_Records provided:_
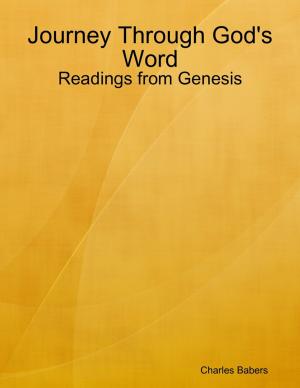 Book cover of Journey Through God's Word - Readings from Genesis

...

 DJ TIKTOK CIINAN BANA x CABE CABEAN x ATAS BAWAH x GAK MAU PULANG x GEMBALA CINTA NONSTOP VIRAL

---

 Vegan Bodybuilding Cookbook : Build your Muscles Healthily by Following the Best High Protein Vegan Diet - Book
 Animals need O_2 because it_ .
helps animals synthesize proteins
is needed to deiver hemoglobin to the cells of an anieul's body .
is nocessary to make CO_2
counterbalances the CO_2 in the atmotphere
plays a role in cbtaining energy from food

_Work order:_ Reproduce exactly the entries above, limited to the lines from the one with "counterbalances the CO_2 in the atmotphere" through the one with "plays a role in cbtaining energy from food", both included.

_Task answer:_
counterbalances the CO_2 in the atmotphere
plays a role in cbtaining energy from food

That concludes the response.